Mrmojo, no the crust is much different from DiMaggio's, which is generally thicker and more chewier, altho sometimes when I talk them into to making an extra thin one and cooked well done, it comes out crispier there at their restaurant on Blue Star Hwy near Lake Michigan. I dine there at least 3 or 4 a times a year, so I'm pretty familiar with their pizzas. While they sometimes cut their pizzas into strips and often don't, my model for doing so was a famous pizzeria on Archer Ave. in Chicago, Chesdan's, that was Home Run Inn's chief neighborhood rival for over 50 years before they closed and left Chicago a few years ago. The Chesdan's family still have 2 locations in far away southwest suburban Chicago locations.
If done right, this crust will eliminate the floppiness and limpness so common to many other recipes. Just par bake the docked skin 6 or 7 minutes (or longer depending on one's oven and temperature) till the dough skin just starts to turn a little brown. And when you do that, its an amazing transformation from a soft, somewhat delicate dough skin to one that is firm and crispy.

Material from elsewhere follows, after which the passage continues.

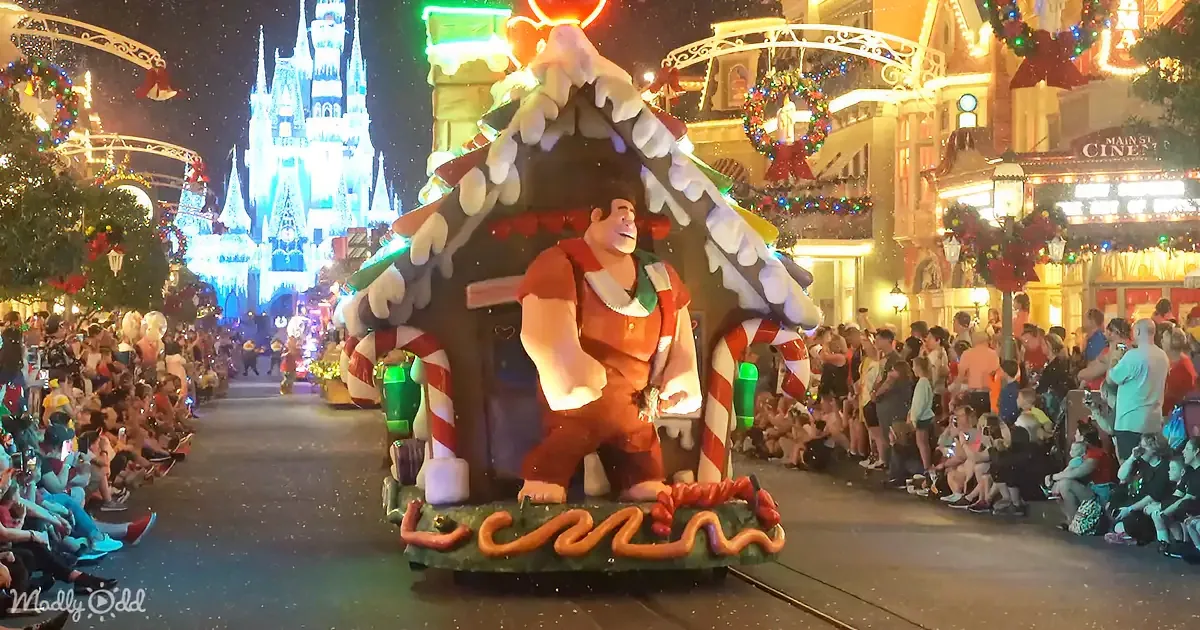 A large, animated gingerbread house float featuring a character in a red outfit is being paraded in a festive...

I'm generally very satisfied with part skim over whole milk cheese, altho like everything, I have my Almond Joy moments (i.e., "sometimes you feel like a nut, . . . sometimes you don't"). And when I do I often blend or just use some whole milk and even some fresh mozz fits the bill at times (altho sparingly as it can cause a lot of wateriness on the pizza).

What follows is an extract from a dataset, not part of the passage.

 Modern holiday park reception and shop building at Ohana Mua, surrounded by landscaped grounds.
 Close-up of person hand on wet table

Jackitup, the 2 trials that I reported on above were "same day" doughs cooked within 6 or 7 hours, but I just completed a 3rd trial in which I refrigerated the dough (and used AP flour along with semolina and rice flour) in a ziplock bag for 48 hours and it turned out great also. Since I had planned to refrigerate the dough, I almost halved the yeast to slow the fermentation. I think -- but don't have the experience to back it up -- if you lower the amount of yeast to .9 or 1% (or maybe lower) and do a counter 24 hr. room temperature proof, that it should work fine. My same day doughs rose "beautifully!"
The one challenge to this dough is getting it onto whatever you bake it on, as it is a soft and delicate dough skin until par baked. But I've become very adept at rolling it onto my rolling pin and off onto a pan or screen, but I went through a learning cycle on that (with many a messed up dough skin). If holes or tears in the skin happens, just plug with some scrap dough. After it hits the oven heat, it firms up and becomes crispy, crunchy and tender (after 6, 7 or whatever number of minutes of par bake). I'll report shortly on the 3rd trial with pictures, but I held a large piece of baked pizza on the very edge of the piece with my fingers and it held out to be rigid and firm throughout, with no floppy or limp characteristics, yet tender and tasty. I used some corn meal under the crust this last time and it turned out really good. Whenever you get around to trying it, I don't think you'll be disappointed.
Preliminarily, I am recommending that the semolina and rice flour be limited to 20% and that the white wheat flour (bread or even AP) be 80%. And of that 20%, the rice flour can be used in the range of 8 to 12% of the total flour amount.